Where a line contains "Load image into", begin there and restate word for word every line to the end of the entries below, pictures excluded.
________________________
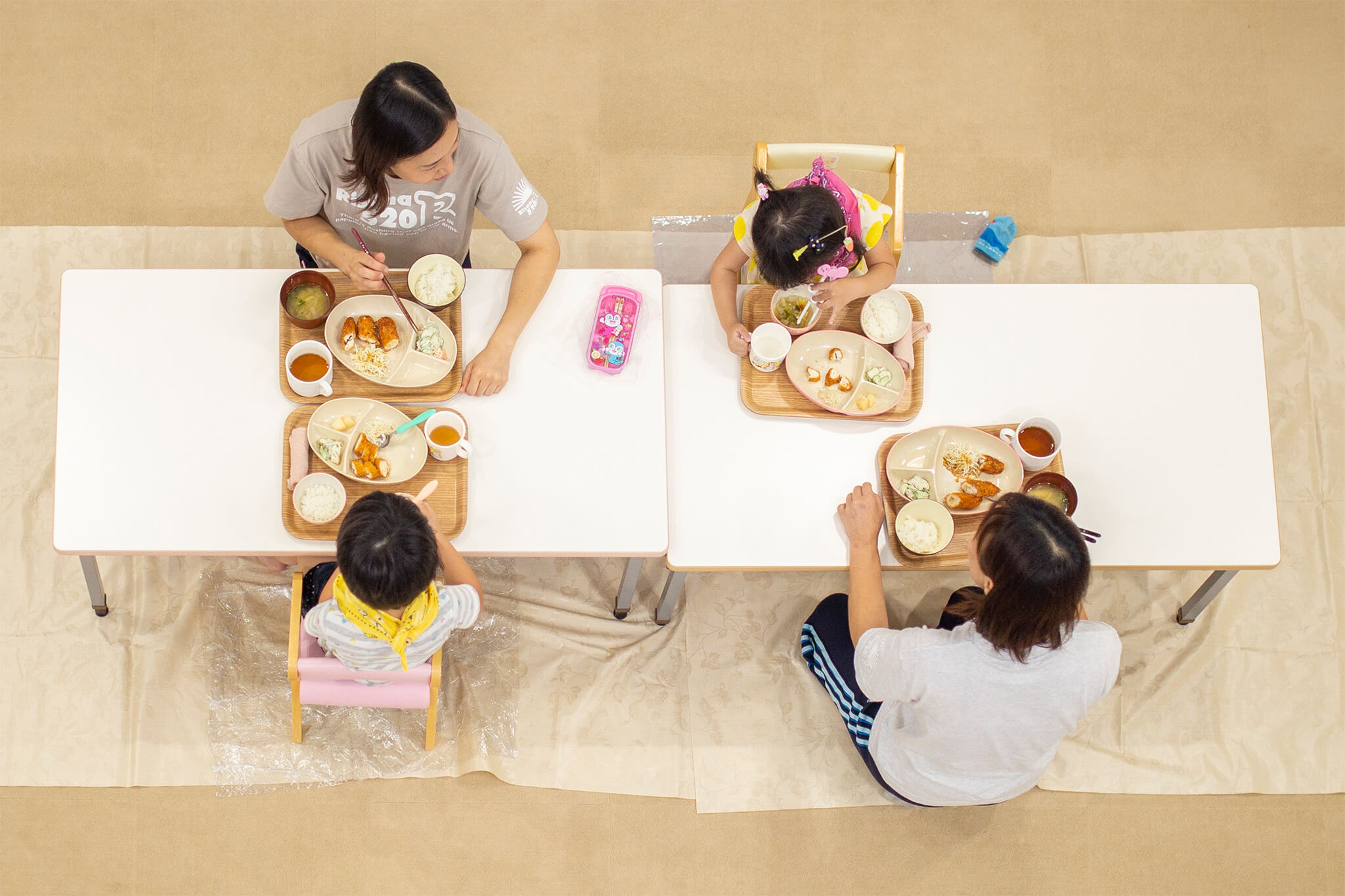 児童発達支援での昼食の様子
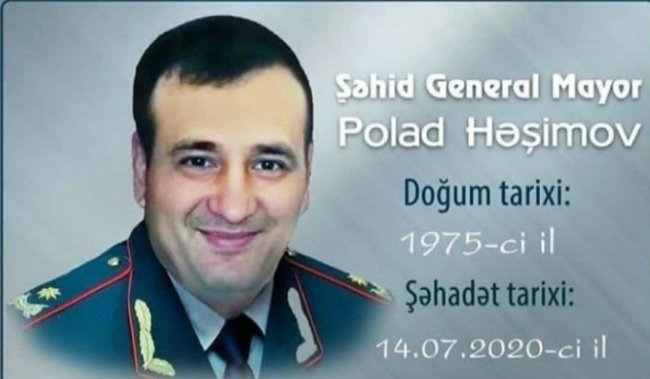 POLAD HƏŞİMOVUN ŞƏHADƏTƏ UCALMASINDAN İKİ İL ÖTÜR - Generalın anım günüdür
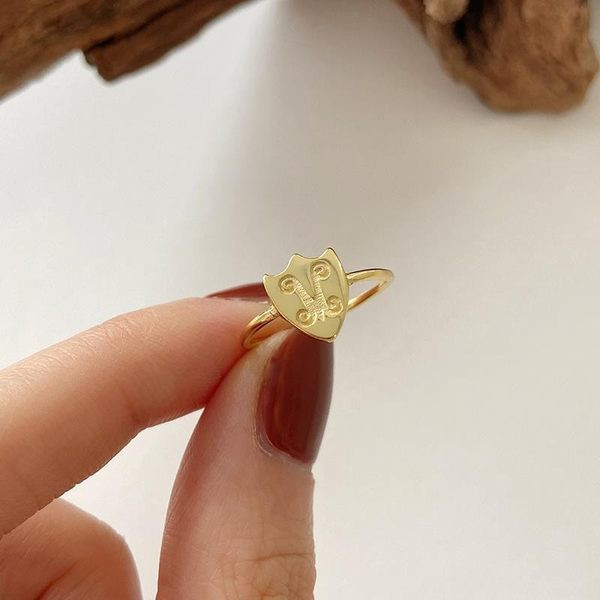 Inel reglabil gravat cu soare pentru femei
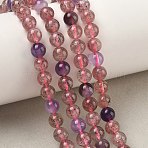 Natural Auralite Beads Strands, Round, 6.5mm, Hole: 0.8~0.9mm, about 61pcs/strand, 15.12''~15.20''(38.4~38.6cm)(G-Z139-A01-6mm)
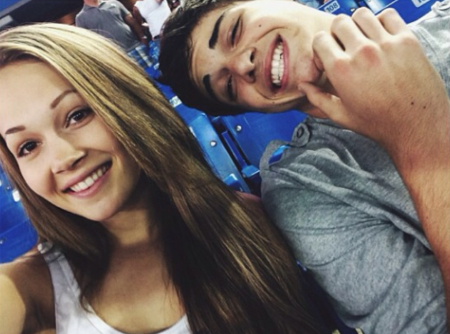 Noah's first public relationship was with 'Lab Rats' star&nbsp;Kelli Berglund.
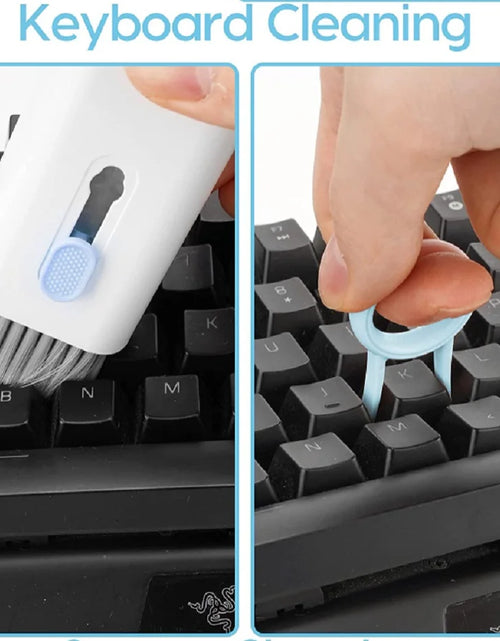 Load image into Gallery viewer, 7-In-1 Multi-Device Cleaning Kit – Versatile Dust Brush for Keyboards, Screens &amp; Earphones for Computers, Tablets &amp; Bluetooth Devices
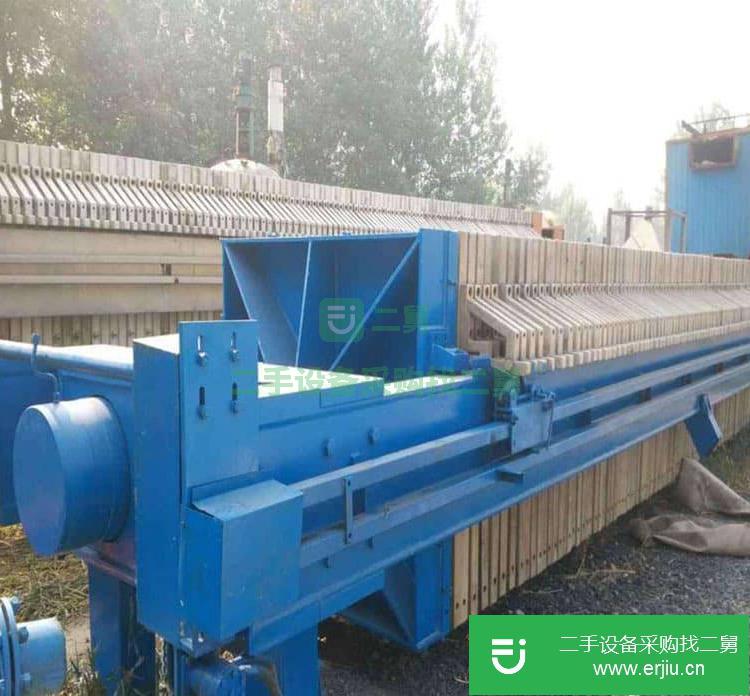 山東出售二手150平污泥脫水壓濾機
________________________
FINISHED EXERCISE |
 Load image into Gallery viewer, 7-In-1 Multi-Device Cleaning Kit – Versatile Dust Brush for Keyboards, Screens &amp; Earphones for Computers, Tablets &amp; Bluetooth Devices
 山東出售二手150平污泥脫水壓濾機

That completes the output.